Sometimes, I don’t think Joss Whedon gets enough credit.

Okay, being given the keys to the biggest superhero franchise in history along with critical and financial acclaim is quite a lot of credit, but I do not know if he gets enough credit for the way he manages to make small moments incredibly important.

For example, look at the Dark Knight trilogy for how not to do this. Now, I like the Dark Knight trilogy (at least the first two), but one of Christopher Nolan’s biggest problems is his tendency to make grand sweeping moments that ultimately mean little. The best example I can think of is the famous line at the end of The Dark Knight: “He’s the hero Gotham deserves, but not the one it needs right now.” This is a line that sounded really cool for a while, but does not say much. Why does Gotham deserve Batman? Is it a good thing or a bad thing that Gotham deserves Batman?

I want to compare that to Iron Man’s decision to grab onto the bomb in The Avengers. Throughout the Iron Man movies and in The Avengers, Tony Stark learns to go outside of himself and give a damn about the world around him, eventually culminating in his decision to sacrifice himself to save New York. I want to go to a moment that you may not remember. It is not on Wikiquote. I had to watch the actual scene in order to get it exactly down, but it encapsulates and concludes Stark’s transformation perfectly.

Stark: “How long?”
Fury: “3 minutes, max. Payload will wipe out midtown.”
Stark: “Jarvis, put everything we got into the thrusters.”
Jarvis: “I just did.”

That last line gives me goosebumps.

Let’s look at these lines and see why they are so fantastic, shall we?

These lines show how assumptions can bring out character. When the threat becomes present, Tony does not decide to go sacrifice himself. He does not weigh the options, putting the pros of self-sacrifice on one end and the cons on the other end and then stare at them deliberately.

His immediate reaction is action. He simply assumed that if there was a threat that would require him to take his own life, he would do it. Tony truly is a new man compared to his persona in Iron Man 1 and 2, where his motives were about his ego as much as their effects on other people. And Jarvis is in the exact same mindset. In a weird way, it also shows growth for Jarvis. The two of them bickered (politely) all throughout Iron Man 1 with Jarvis often trying to caution Tony from doing anything dangerous, but here he actually encourages it. Jarvis and Tony are now in-sync with each other and their desires, and Jarvis really understands that this is something that Tony has to do.

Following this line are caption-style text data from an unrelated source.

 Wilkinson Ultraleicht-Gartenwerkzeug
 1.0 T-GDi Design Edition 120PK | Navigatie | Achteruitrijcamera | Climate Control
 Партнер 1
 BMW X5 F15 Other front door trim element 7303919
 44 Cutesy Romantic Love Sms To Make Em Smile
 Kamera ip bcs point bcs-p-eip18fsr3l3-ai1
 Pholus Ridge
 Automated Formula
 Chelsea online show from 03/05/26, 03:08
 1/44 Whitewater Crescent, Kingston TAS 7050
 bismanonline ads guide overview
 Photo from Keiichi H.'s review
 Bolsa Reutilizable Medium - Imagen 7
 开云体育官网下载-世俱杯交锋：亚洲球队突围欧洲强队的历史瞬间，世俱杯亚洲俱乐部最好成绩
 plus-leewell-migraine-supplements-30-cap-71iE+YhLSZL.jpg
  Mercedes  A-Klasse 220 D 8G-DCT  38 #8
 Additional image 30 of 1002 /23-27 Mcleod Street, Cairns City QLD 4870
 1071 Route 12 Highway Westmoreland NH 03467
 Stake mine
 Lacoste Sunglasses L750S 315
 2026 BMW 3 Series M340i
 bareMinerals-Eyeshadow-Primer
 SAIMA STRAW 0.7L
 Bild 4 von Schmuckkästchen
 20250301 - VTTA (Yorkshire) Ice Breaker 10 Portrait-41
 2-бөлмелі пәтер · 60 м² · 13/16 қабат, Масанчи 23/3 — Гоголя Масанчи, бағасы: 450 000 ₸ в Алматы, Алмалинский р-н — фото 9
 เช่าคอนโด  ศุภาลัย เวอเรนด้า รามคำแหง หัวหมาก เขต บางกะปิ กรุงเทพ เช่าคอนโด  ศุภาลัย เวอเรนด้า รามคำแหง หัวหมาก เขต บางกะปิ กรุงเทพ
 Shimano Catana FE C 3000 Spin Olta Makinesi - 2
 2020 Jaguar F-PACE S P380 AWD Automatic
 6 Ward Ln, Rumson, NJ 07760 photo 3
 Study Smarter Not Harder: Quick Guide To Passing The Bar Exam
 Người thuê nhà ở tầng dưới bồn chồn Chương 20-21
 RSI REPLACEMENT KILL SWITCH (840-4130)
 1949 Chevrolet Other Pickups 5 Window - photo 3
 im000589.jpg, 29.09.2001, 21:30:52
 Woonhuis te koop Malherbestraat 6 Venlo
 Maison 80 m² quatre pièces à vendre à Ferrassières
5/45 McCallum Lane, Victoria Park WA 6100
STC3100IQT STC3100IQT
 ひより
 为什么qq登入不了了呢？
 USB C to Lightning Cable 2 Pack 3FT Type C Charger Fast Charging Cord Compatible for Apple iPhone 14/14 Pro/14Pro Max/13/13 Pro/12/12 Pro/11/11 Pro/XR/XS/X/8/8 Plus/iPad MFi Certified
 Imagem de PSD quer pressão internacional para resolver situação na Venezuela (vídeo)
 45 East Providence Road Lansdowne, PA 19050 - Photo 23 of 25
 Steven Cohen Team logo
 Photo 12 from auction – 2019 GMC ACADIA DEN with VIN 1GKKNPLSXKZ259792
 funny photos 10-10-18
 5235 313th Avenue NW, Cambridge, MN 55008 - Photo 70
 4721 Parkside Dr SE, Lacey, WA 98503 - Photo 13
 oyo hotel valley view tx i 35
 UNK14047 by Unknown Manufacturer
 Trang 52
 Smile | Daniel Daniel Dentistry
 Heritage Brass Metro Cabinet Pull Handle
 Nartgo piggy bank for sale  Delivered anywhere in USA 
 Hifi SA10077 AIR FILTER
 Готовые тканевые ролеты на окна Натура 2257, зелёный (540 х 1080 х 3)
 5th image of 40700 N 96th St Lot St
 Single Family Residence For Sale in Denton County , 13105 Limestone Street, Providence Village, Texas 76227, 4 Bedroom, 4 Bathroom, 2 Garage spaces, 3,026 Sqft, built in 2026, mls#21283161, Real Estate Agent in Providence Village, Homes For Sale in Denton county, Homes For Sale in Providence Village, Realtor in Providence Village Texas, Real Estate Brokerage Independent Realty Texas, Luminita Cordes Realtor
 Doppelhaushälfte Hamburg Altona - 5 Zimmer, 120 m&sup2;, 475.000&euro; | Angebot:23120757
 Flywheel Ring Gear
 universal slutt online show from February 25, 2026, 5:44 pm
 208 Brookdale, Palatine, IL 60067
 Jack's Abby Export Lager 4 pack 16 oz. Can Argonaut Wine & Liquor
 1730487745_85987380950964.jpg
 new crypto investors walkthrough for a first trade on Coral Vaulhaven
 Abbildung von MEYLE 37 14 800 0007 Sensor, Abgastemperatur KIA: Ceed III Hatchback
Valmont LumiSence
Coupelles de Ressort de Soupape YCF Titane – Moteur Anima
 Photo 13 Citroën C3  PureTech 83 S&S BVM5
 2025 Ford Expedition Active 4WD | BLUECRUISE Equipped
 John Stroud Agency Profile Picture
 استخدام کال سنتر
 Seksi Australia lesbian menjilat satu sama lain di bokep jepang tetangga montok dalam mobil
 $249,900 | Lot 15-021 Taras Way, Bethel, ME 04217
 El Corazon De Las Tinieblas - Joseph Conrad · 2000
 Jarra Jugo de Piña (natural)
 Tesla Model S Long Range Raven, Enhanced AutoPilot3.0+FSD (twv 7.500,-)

What a character assumes is so much more telling of their personality than what a character decides. If a character decides to give his sister his ice cream, that does not say much. If that character assumes that his sister will get his ice cream, then there is a lot more being said without any more emphasis needed.

Another example from Joss Whedon that I really like: in the TV show Firefly, there is a character named Jayne Cobb who goes through a similar arc. He is never as narcissistic as Tony, but he is out for his own gain and does some pretty terrible things to achieve that. However, by the end of the movie Serenity, he is a different person. When the ship is falling from the sky, his reaction is to check the seatbelts of the female crewmembers. This shot is a blink-and-you-miss it shot, but it says so much about Jayne Cobb and the type of person he has become. And no one ever had to say, “Jayne is the hero (of Canton) that we deserve, but not the one we need right now.”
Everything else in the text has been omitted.